** Opening Study material block **
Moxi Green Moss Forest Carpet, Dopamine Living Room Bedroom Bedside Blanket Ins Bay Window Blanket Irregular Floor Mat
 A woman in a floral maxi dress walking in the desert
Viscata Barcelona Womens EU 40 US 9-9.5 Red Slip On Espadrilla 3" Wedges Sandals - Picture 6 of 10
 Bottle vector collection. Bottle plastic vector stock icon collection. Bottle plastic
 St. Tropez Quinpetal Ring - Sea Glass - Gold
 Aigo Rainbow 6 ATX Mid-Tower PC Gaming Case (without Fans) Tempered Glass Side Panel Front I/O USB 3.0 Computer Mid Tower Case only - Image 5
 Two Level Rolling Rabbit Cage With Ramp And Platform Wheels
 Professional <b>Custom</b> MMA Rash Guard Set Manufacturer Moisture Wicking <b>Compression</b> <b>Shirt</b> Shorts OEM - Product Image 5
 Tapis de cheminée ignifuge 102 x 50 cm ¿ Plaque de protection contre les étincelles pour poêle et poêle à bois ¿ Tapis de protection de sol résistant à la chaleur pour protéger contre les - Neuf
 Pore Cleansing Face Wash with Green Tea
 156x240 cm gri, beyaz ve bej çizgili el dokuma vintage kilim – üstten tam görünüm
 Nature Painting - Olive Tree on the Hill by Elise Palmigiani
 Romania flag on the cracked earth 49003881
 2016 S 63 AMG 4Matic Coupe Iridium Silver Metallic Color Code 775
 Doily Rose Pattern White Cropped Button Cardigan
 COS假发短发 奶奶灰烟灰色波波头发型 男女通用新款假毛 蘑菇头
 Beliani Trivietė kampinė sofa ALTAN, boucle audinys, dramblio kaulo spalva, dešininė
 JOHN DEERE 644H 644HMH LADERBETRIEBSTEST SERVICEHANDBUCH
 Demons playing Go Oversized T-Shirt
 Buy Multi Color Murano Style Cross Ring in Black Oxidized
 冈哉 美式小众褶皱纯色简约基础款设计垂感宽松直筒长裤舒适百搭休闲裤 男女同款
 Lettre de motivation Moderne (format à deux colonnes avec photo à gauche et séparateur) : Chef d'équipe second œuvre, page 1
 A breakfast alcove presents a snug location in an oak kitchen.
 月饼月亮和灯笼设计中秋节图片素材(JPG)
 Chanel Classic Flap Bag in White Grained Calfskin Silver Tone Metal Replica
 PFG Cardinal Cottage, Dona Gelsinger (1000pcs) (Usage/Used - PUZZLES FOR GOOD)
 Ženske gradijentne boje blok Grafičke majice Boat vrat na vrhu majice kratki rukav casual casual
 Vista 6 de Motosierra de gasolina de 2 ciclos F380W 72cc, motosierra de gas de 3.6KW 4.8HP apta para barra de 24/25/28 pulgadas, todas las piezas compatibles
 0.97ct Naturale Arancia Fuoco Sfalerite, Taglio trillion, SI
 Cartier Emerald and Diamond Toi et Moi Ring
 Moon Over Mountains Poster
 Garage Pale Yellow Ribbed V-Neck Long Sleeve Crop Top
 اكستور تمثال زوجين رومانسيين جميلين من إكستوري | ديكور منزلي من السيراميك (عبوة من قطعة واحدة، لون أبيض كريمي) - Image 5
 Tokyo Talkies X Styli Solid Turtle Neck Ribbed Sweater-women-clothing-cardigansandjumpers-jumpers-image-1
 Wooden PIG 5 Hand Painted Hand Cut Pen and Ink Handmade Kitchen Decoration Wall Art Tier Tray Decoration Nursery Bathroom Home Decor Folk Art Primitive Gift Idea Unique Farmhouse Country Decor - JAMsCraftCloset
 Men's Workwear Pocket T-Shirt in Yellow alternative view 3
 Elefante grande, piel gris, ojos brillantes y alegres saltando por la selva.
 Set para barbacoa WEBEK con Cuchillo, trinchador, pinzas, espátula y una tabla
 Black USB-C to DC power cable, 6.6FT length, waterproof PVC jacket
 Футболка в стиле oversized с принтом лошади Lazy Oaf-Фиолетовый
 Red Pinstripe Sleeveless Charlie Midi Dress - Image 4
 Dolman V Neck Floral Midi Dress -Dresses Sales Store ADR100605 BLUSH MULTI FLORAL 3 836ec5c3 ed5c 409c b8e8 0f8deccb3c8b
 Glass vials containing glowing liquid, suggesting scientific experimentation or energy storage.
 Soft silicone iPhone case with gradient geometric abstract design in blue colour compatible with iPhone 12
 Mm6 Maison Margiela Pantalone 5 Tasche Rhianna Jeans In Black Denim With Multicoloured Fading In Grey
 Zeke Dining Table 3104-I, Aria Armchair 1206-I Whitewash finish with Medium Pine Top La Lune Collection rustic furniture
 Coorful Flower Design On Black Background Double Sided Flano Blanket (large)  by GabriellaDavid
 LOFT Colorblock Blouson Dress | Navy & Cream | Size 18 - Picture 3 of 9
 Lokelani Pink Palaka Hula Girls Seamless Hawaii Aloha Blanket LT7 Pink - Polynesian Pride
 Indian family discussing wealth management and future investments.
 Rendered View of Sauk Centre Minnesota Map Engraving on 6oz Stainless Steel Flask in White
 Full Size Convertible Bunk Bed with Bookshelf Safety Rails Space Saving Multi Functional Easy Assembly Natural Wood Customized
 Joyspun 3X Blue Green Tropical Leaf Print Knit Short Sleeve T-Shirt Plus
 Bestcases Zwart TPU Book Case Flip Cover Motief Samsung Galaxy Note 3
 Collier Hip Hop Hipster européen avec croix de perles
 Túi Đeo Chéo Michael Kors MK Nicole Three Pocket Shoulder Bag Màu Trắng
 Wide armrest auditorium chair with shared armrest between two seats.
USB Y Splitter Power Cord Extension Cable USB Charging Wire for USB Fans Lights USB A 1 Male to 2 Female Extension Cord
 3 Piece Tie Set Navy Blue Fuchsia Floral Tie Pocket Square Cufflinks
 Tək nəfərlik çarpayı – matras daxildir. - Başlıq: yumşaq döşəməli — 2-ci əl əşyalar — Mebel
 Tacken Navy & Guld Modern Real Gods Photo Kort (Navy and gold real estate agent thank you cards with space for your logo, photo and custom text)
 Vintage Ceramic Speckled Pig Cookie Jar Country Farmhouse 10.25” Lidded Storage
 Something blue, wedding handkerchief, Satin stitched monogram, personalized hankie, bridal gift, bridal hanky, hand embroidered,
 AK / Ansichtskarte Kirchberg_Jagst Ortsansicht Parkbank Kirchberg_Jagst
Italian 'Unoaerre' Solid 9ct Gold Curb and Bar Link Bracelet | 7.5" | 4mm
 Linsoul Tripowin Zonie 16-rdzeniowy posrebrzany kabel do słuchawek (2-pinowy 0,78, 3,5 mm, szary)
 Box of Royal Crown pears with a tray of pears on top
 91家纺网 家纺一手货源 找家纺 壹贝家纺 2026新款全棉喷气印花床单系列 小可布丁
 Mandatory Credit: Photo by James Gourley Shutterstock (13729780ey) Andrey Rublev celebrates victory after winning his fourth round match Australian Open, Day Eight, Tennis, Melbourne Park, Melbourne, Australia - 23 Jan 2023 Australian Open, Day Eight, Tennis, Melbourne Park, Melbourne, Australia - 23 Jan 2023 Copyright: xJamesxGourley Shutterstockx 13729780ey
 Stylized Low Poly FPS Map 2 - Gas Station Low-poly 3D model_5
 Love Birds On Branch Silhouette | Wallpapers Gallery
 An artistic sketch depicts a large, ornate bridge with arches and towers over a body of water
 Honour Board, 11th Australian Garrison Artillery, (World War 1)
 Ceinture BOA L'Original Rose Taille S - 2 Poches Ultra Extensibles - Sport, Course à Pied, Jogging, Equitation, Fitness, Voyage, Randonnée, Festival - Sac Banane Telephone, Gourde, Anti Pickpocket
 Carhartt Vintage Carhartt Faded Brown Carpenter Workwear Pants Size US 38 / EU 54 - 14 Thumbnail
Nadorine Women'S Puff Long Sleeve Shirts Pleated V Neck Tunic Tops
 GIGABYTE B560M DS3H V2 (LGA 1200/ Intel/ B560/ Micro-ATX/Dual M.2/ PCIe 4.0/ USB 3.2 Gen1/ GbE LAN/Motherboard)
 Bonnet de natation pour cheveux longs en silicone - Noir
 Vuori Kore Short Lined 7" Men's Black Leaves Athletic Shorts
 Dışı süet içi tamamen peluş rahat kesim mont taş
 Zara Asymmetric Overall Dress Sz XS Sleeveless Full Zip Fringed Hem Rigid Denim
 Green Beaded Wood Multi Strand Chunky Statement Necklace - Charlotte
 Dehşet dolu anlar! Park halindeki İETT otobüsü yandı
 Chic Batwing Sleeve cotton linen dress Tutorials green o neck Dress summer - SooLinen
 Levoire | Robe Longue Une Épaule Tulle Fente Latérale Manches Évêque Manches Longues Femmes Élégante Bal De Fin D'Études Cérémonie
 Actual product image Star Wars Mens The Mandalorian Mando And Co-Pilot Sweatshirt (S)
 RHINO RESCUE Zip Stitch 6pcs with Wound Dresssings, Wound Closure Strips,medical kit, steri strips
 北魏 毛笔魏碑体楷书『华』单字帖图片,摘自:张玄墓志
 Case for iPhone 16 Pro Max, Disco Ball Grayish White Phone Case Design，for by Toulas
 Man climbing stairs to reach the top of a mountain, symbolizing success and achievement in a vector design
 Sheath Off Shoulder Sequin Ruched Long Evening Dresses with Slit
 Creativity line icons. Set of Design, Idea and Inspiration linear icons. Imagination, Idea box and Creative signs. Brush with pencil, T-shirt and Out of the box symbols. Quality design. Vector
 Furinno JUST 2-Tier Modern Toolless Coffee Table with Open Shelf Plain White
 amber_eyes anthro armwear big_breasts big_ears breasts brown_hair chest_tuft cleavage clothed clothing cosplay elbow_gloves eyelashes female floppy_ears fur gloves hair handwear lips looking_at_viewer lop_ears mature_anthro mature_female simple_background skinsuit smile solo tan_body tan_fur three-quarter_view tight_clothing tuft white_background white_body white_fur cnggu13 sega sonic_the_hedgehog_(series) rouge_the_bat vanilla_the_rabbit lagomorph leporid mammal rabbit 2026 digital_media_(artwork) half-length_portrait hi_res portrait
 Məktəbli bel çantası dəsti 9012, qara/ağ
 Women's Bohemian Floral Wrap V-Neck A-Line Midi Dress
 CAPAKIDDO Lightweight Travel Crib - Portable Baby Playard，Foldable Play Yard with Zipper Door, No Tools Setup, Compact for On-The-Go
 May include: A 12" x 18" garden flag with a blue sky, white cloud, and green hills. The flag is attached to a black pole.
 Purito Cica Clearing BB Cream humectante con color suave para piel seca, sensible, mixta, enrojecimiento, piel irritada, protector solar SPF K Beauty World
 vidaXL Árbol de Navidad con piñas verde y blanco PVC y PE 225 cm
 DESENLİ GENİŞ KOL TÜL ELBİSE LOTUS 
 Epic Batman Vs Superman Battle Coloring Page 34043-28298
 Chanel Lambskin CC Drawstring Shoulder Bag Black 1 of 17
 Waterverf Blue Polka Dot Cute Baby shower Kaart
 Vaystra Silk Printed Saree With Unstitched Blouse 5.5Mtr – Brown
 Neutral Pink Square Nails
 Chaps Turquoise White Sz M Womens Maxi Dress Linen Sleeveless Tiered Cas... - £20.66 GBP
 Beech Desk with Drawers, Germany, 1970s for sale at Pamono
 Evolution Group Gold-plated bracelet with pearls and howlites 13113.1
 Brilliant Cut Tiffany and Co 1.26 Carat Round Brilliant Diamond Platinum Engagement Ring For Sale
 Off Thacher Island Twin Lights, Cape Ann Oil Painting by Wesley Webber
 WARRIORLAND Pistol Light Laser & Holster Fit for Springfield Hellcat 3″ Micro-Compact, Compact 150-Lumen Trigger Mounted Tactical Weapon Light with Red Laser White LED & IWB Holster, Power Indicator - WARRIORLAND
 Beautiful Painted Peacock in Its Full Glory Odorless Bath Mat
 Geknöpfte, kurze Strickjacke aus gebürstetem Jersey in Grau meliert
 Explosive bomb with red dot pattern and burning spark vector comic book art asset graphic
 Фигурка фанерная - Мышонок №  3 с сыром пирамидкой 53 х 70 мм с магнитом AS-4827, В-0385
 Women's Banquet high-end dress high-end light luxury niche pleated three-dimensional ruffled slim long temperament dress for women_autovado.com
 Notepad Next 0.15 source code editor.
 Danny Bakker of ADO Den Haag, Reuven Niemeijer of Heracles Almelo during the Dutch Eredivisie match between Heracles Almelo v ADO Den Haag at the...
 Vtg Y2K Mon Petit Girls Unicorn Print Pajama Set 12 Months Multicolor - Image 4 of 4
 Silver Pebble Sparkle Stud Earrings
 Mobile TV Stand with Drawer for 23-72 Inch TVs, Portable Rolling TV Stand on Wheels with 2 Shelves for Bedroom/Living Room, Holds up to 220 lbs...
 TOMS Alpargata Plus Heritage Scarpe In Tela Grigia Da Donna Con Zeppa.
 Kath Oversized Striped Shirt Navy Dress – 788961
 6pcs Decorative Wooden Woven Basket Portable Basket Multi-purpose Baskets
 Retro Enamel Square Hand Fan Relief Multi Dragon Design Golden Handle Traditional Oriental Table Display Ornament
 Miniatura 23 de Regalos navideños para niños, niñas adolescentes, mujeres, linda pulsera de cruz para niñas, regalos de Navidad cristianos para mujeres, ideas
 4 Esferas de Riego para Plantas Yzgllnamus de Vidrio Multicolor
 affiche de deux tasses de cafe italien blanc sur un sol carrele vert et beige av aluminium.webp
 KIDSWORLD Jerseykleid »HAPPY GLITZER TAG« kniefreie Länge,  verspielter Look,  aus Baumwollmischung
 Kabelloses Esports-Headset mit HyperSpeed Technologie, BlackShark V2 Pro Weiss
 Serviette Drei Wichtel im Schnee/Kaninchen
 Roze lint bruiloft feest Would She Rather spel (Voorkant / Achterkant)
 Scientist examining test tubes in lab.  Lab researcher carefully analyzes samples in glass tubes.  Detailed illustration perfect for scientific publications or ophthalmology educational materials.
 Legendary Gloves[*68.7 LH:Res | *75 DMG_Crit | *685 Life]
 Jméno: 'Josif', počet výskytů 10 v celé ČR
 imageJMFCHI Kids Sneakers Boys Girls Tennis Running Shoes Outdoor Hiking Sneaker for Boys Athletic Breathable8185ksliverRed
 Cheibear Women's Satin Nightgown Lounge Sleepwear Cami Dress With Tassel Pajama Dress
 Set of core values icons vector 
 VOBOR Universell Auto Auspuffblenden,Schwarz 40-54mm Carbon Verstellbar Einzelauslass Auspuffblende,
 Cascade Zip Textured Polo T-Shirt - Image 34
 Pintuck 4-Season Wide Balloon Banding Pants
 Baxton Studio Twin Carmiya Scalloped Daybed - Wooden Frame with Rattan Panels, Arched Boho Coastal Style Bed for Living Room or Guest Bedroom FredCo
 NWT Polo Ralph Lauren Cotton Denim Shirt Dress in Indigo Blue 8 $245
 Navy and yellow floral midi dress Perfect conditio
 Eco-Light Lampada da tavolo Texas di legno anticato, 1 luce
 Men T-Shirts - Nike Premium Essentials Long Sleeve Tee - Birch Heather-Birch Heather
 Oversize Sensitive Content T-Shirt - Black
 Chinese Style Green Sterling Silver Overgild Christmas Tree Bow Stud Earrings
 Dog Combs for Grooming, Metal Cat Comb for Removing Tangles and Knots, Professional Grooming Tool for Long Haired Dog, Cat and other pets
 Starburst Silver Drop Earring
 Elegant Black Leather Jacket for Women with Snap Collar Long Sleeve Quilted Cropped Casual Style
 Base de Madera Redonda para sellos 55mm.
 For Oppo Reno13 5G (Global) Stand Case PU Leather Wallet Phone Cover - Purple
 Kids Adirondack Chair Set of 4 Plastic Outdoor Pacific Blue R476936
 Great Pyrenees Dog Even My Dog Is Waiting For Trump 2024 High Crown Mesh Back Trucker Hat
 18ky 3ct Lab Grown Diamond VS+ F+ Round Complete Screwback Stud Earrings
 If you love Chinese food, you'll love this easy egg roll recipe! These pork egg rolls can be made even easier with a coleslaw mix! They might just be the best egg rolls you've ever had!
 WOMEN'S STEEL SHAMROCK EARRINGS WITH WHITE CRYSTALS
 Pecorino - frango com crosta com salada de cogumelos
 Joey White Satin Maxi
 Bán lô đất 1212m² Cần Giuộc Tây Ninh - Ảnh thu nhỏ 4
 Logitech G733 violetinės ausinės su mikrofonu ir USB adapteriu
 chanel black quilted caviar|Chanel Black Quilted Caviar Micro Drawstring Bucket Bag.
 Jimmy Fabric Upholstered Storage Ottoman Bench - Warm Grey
** Closing Study material block **
Could you repeat exactly the lines above from the line with "Full Size Convertible" up to and including the line with "3 Piece Tie", and only those?

 Full Size Convertible Bunk Bed with Bookshelf Safety Rails Space Saving Multi Functional Easy Assembly Natural Wood Customized
 Joyspun 3X Blue Green Tropical Leaf Print Knit Short Sleeve T-Shirt Plus
 Bestcases Zwart TPU Book Case Flip Cover Motief Samsung Galaxy Note 3
 Collier Hip Hop Hipster européen avec croix de perles
 Túi Đeo Chéo Michael Kors MK Nicole Three Pocket Shoulder Bag Màu Trắng
 Wide armrest auditorium chair with shared armrest between two seats.
USB Y Splitter Power Cord Extension Cable USB Charging Wire for USB Fans Lights USB A 1 Male to 2 Female Extension Cord
 3 Piece Tie Set Navy Blue Fuchsia Floral Tie Pocket Square Cufflinks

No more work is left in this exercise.